Create 1,2,3,4 grams from the Tokens

# Creating N-gram tokens
sample.1gram <- tokens_ngrams(sample.tokens, n = 1)
sample.2gram <- tokens_ngrams(sample.tokens, n = 2)
sample.3gram <- tokens_ngrams(sample.tokens, n = 3)

# Create our first bag-of-words model.
tokens.1gram.dfm <- dfm(sample.1gram, tolower = FALSE)
tokens.2gram.dfm <- dfm(sample.2gram, tolower = FALSE)
tokens.3gram.dfm <- dfm(sample.3gram, tolower = FALSE)


# Converting into data frame

dfm_to_df <- function(x) {
     x.df <- data.frame(Content = featnames(x), Frequency = colSums(x), 
                 stringsAsFactors = FALSE)
     x.df <- x.df[with(x.df, order(-Frequency)),]
     row.names(x.df) <- NULL
     return(x.df)
}

tokens.1gram.df <- dfm_to_df(tokens.1gram.dfm)
tokens.2gram.df <- dfm_to_df(tokens.2gram.dfm)
tokens.3gram.df <- dfm_to_df(tokens.3gram.dfm)

Exploring the Corpus

The top 5 most frequently used tokens(1,2,3) is tabled below.

1-gram Frequency
Content	Frequency
the	21633
to	12061
and	11290
a	10715
of	9396
in	7387
i	6492
that	4654
for	4545
is	4384

2-gram Frequency
Content	Frequency
of_the	2053
in_the	1836
to_the	1030
on_the	946
for_the	790
to_be	694
and_the	591
at_the	588
in_a	547
with_the	496

3-gram Frequency
Content	Frequency
one_of_the	172
a_lot_of	159
out_of_the	86
to_be_a	76
it_was_a	71
some_of_the	70
going_to_be	69
be_able_to	60
the_end_of	57
as_well_as	56

We will now create bar plots of the 50 most occuring tokens in 1,2,3 grams tokens model.

1. Top 50 1-gram words

Top 50 2-gram words

Top 50 3-gram words

Next Steps

After exploring the corpus and looking at the most frequent 1,2,3 tokens we notice that there are tokens which have very low frequeny which will add very little significance to the model.
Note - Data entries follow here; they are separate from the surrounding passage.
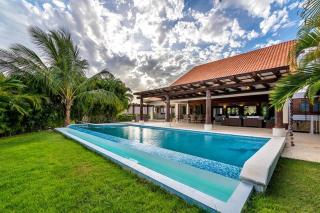 Casa Serena - La Romana - 9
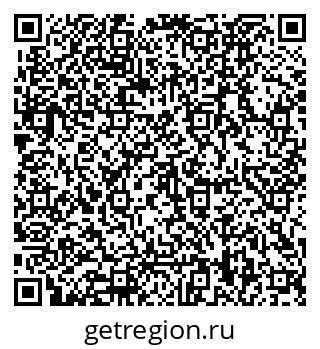 79062028888
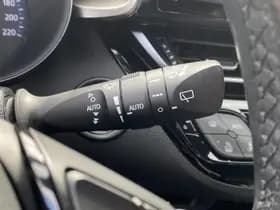 Toyota C-hr thumbnail 28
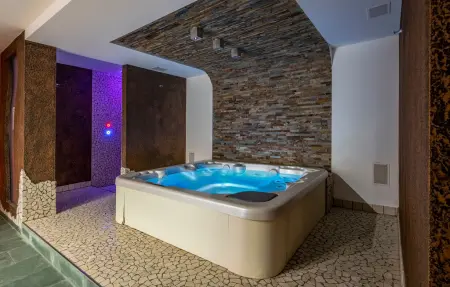 Maison 4 personnes à Magliolo - Photo 26
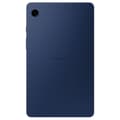 Miniatyrbild 4 av 4: Surfplatta - Samsung - Galaxy Tab A9 - 8,7'' - 64 GB - 4 GB RAM - 4G/LTE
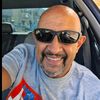 martin.abela7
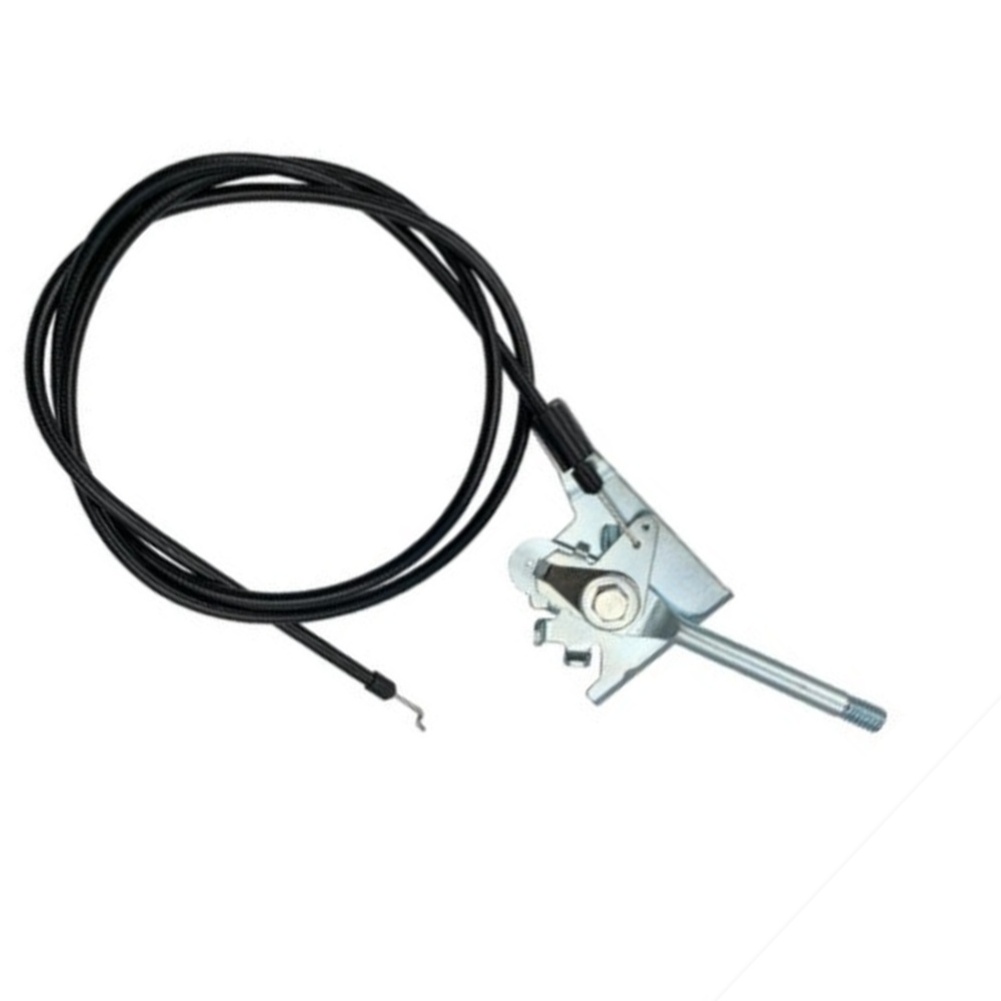 Pièces et accessoires pour out - Zero Power Tools avis et prix
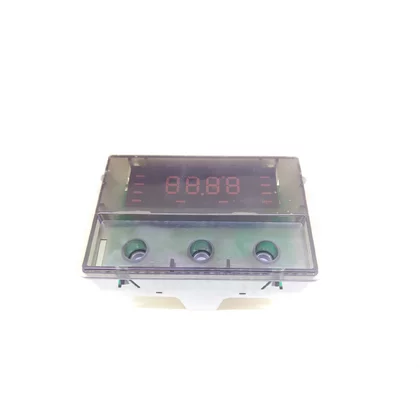 Regulator czasowy do piekarnika Electrolux / AEG UMPD 8996619278923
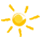Tunisie Meteo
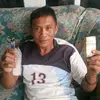 tono.sumardi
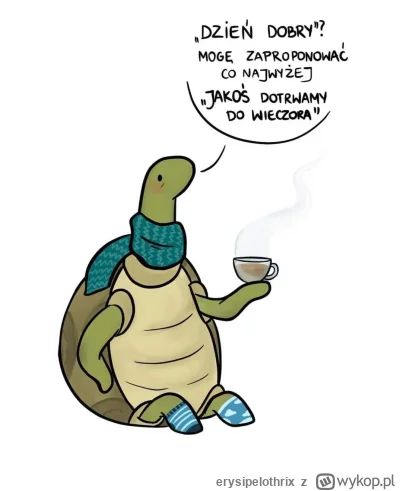 erysipelothrix - #heheszki #humorobrazkowy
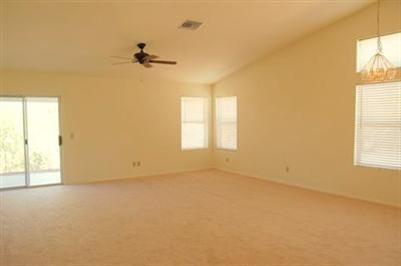 1170 N Reta Dr, Vail, AZ 85641 photo 2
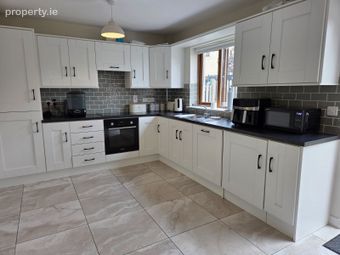 21 Ros Na Gr&eacute;ine, Ardfinnan, Ardfinnan, Co. Tipperary - Image 3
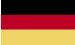 german Massachusetts - 国名（科） (页面 1)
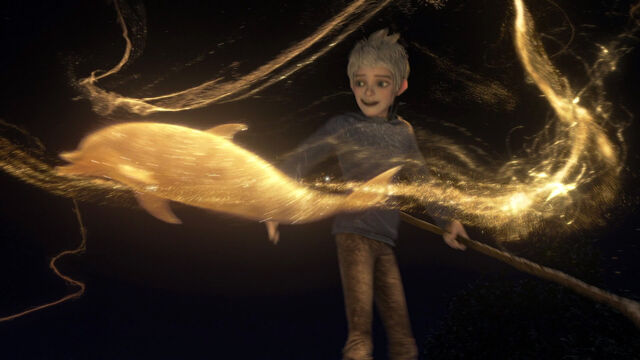 File:Rise-guardians-disneyscreencaps.com-1879.jpg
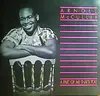 LP - Arnold McCuller - A Part Of Me That's You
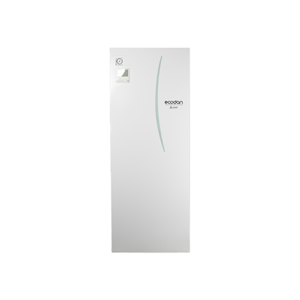 Aerotermia Mitsubishi Electric Hydrobox (Duo) Eco Inverter R32 GEN-E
Hence such low frequency tokens can be removed from the 1,2,3 N-gram models to save memory and increase performance.

Predicting the Next Word

After successfully cleaning and building N-grams, next word prediction model is developed based on the Kate Back-off algorithm. Here are the the steps to implement the Back-Off model.

Clean the user input which is the sequence of words by using same techniques used to clean the training data sets.
Extract last three or last two or the last one word depending upon the number of words given by the user.
If there is no match in 4-gram, back-off to 3-gram. Match the last two words of the user input with the first two words of 3-gram. If the last two words of the user input is found in the 3-gram, the third word in the 3-gram will be predicted word.
If there is no match in 3-gram, back-off to 2-gram. Match the last word of the user input with the first word of 2-gram. If the last word of the user input is found in the 2-gram, the second word in the 2-gram will be predicted word.
If there is no match in 2-gram, back-off to 1-gram. the most frequent word from 1-gram will be the predicted word.